There is a clear difference between the buffer sizes of python 2 and 3.

Then I replace time.sleep(0.001) with pass, divide 16777216 by 4 = 4194304 (because of the excess time usage in python3), and started a timing test:

tools.zhuyifei1999-test@tools-bastion-02:~$ time python2 gridaccountingtest_a.py

real    0m4.515s
user    0m0.019s
sys     0m0.022s
tools.zhuyifei1999-test@tools-bastion-02:~$ time python2 gridaccountingtest_a.py

real    0m4.466s
user    0m0.017s
sys     0m0.016s
tools.zhuyifei1999-test@tools-bastion-02:~$ time python3 gridaccountingtest_a.py

(takes forever....)
Edit: SIGINT'ed, ate IO for 16m2.934s and did not complete.

We aren't explicitly opening in binary mode, but https://docs.python.org/3/library/functions.html#open says:

Binary files are buffered in fixed-size chunks; the size of the buffer is chosen using a heuristic trying to determine the underlying device’s “block size” and falling back on io.DEFAULT_BUFFER_SIZE. On many systems, the buffer will typically be 4096 or 8192 bytes long.

I wonder if we can make the test program faster by passing a reasonably large read buffer size like 1048576 to the open() call?

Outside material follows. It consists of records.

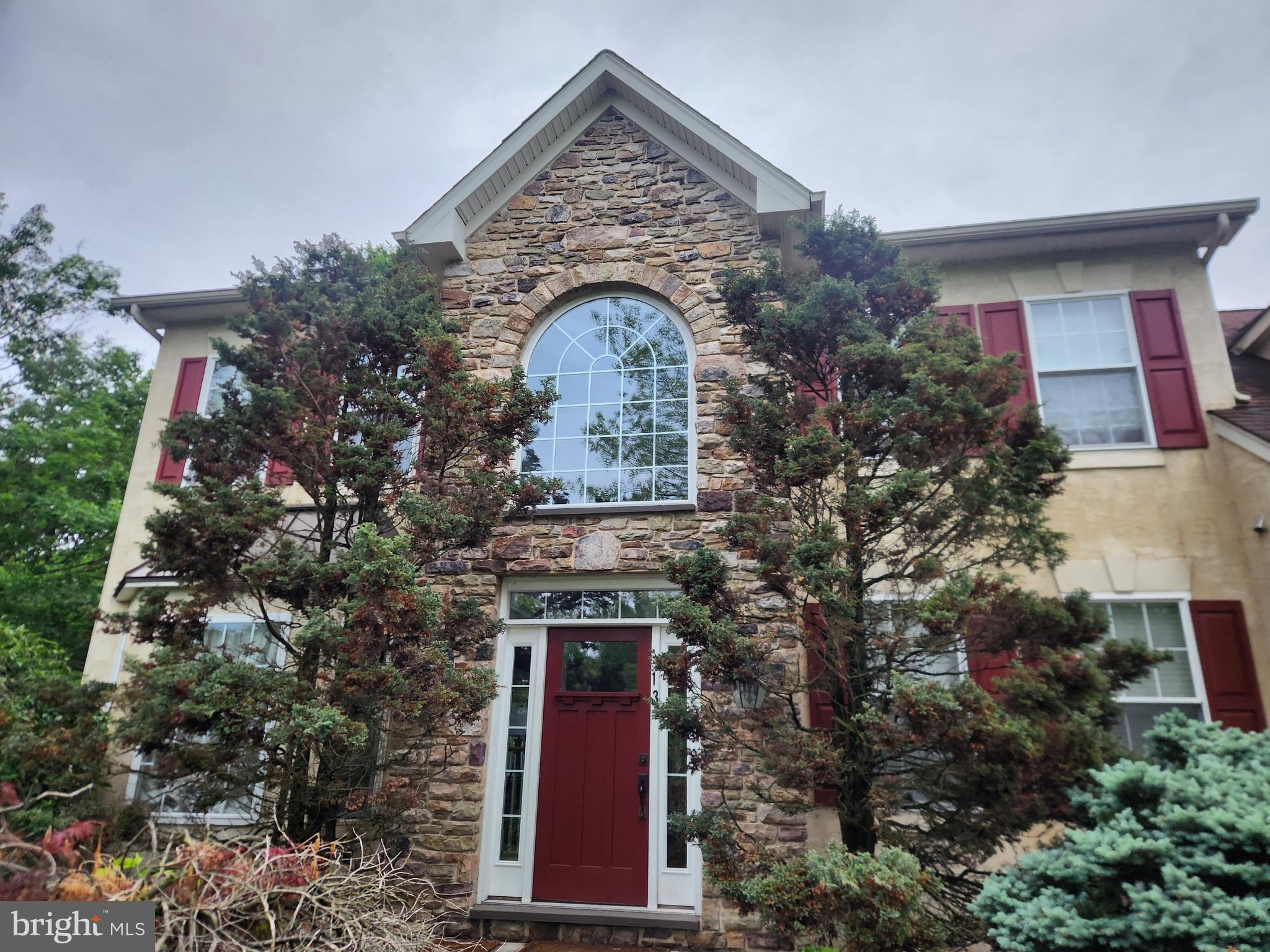 Discover the hidden charm of Cedar Crest Farms, a tucked-away community bordering preserved land and adjacent to a local park with scenic walking paths—yet conveniently located near major commuter routes in desirable Doylestown Township. From the second-floor Trex deck, enjoy picturesque views through the trees overlooking the Little Neshaminy Creek, offering a peaceful, nature-filled backdrop.

This impressive partial stone-front Colonial is set on a quiet, charming street and offers over 3,400 square feet of thoughtfully designed living space. The first floor showcases refined architectural details, including custom wood moldings, volume ceilings, and sun-filled Palladian windows adorned with plantation shutters. The gourmet kitchen is tastefully appointed with Wolf appliances, hardwood flooring, recessed and copper pendant lighting, and flows seamlessly into the bright breakfast room featuring a peninsula bar cabinet.

The open-concept layout continues into the inviting family room, highlighted by a wall of windows and a marble-surround gas fireplace—perfect for both everyday living and entertaining. A first-floor study provides an ideal work-from-home space, while the mudroom includes a built-in storage bench for added convenience when entering from the side-entry garage.

Upstairs, the expansive primary suite offers a private retreat, complete with a sitting area and charming dormer windows that create a serene atmosphere. Three additional generously sized bedrooms complete the second floor. Both the primary and hall bathrooms have been tastefully renovated with tile and granite finishes in today’s preferred style.

The unfinished daylight, walk-out basement—with roughed-in plumbing for a future bath—offers endless potential for customization.

This beautiful home presents a rare opportunity to enjoy space, comfort, and privacy in a highly sought-after Doylestown Township location. With its tranquil setting and close proximity to everything the Doylestown community has to offer, this property represents exceptional value.

Schedule your private showing today and envision the lifestyle that awaits. Seller is a PA. Licensed Realtor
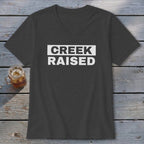 Dark grey v-neck t-shirt with white text "CREEK RAISED" on the chest.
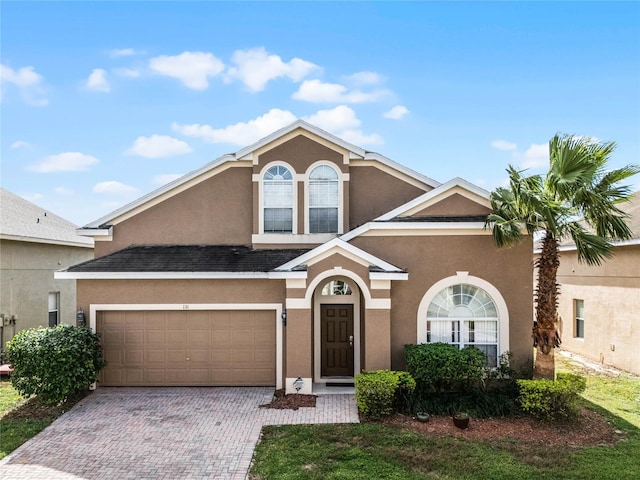 view of front of property with a garage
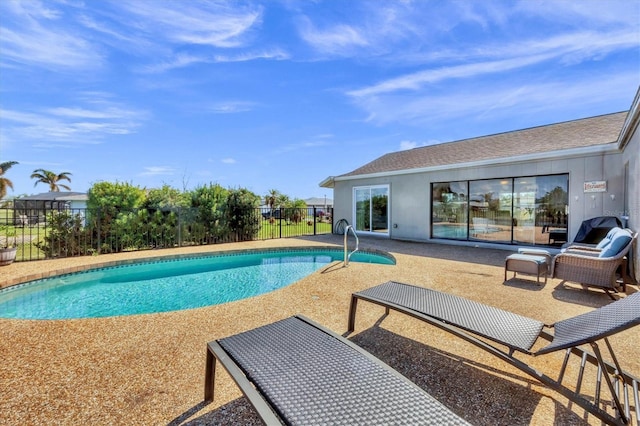 view of pool featuring a patio area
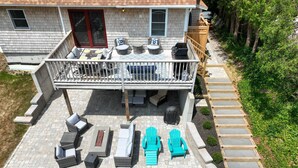 Un patio couvert avec des meubles d’extérieur, un barbecue et une terrasse en bois menant à la maison.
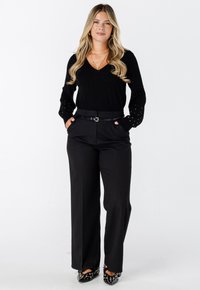 Zwarte lange mouwtop met versierde manchetten, gecombineerd met zwarte gestreepte wijde broek en zwarte gespijkerde hakken, wat een monochromatische look creëert.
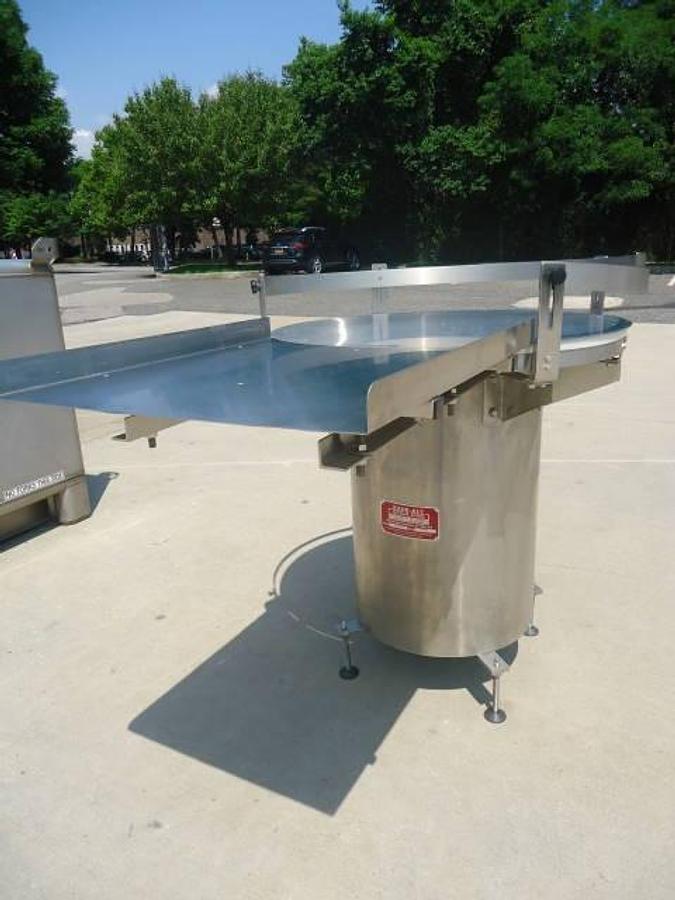 Used 36 Inch diameter Kaps All rotary unscrambling table, stainless steel base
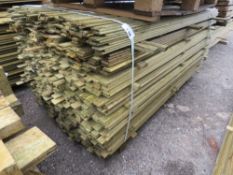 LARGE PACK OF TREATED TIMBER FENCE CLADDING SLATS: 1.75M LENGTH X 40MM WIDTH APPROX.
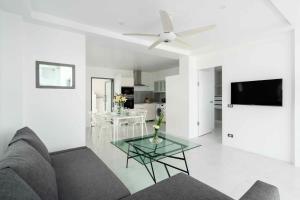 a living room with a couch and a table at Best View Apartment in Koh Samui 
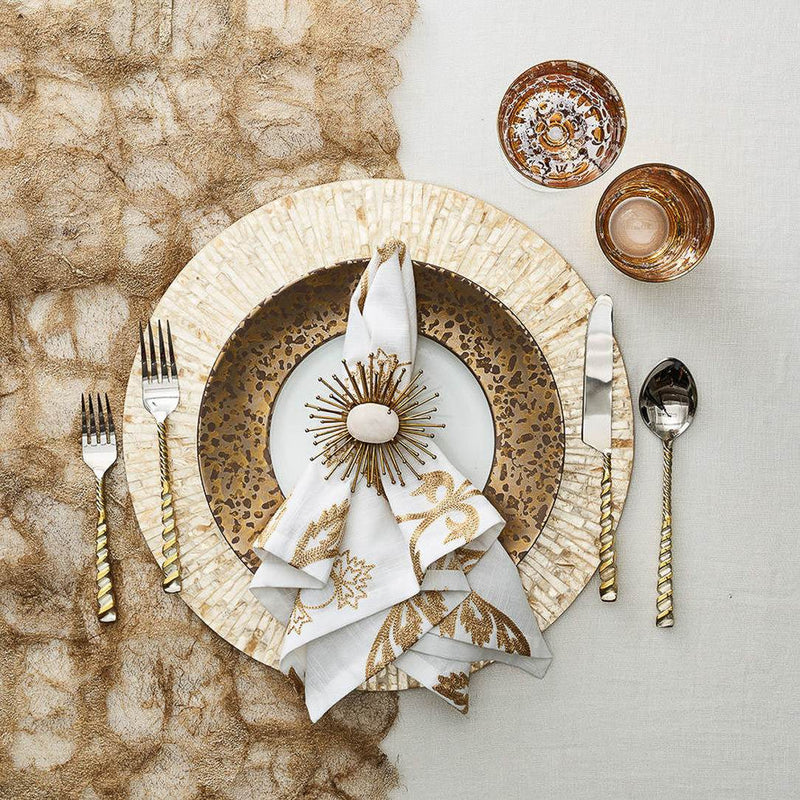 Luxurious white and gold table setting featuring Flare Napkin Ring by Kim Seybert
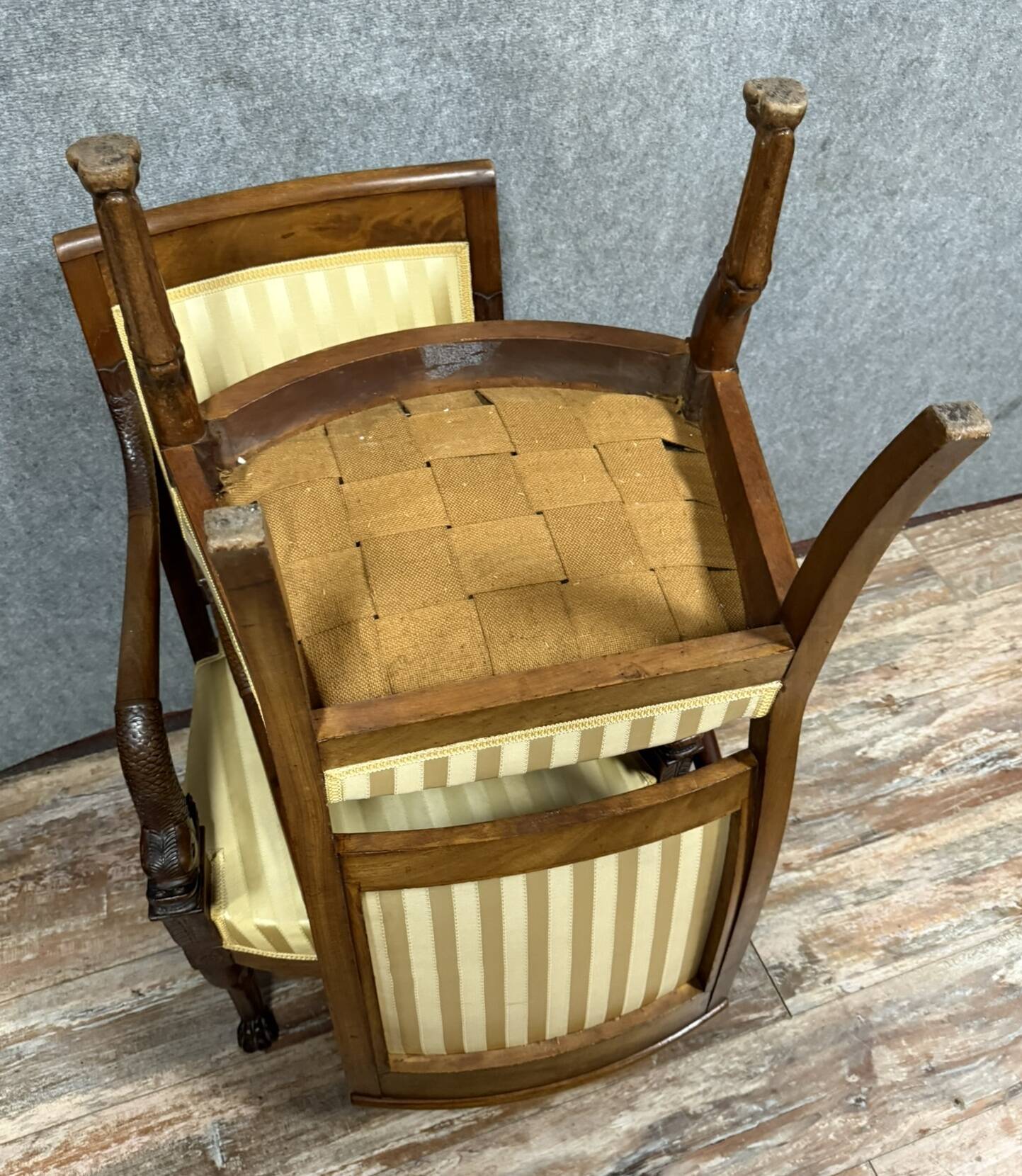 Pair of Empire period mahogany dolphin armchairs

Testing setting buffering for both python2 and 3 and stracing it:

buffering = 2097152, python2:

lseek(3, 1795162112, SEEK_SET)          = 1795162112
read(3, "c-1402.eqiad.wmflabs:tools.incol"..., 561056) = 561056
read(3, ":0:25616096.000000:25870688:0:0:"..., 2097152) = 2097152
read(3, "00:152:0:0:0:1528:265:NONE:defau"..., 2097152) = 2097152
read(3, "", 2097152)                    = 0
read(3, "", 2097152)                    = 0
close(3)                                = 0

buffering=2097152, python3: (did seemingly nothing...)

lseek(3, 0, SEEK_SET)                   = 0
read(3, "task:tools-exec-1402.eqiad.wmfla"..., 8192) = 8192
read(3, "E:defaultdepartment:NONE:1:0:0.3"..., 8192) = 8192
read(3, ".127961:12196.000000:0:0:0:0:481"..., 8192) = 8192

buffering=65536, python2:

lseek(3, 1795686400, SEEK_SET)          = 1795686400
read(3, "00:856:0:0:0:131:1322:NONE:defau"..., 63104) = 63104
read(3, "00000:NONE:122773504.000000:0:0\n"..., 65536) = 65536
read(3, "02:0.000695:-u tools.pb -q task "..., 65536) = 65536
read(3, "524288k,release=trusty:0.000000:"..., 65536) = 65536
read(3, "NONE:1:0:0.257305:0.001735:0.000"..., 65536) = 65536

buffering=65536, python3: (still nothing)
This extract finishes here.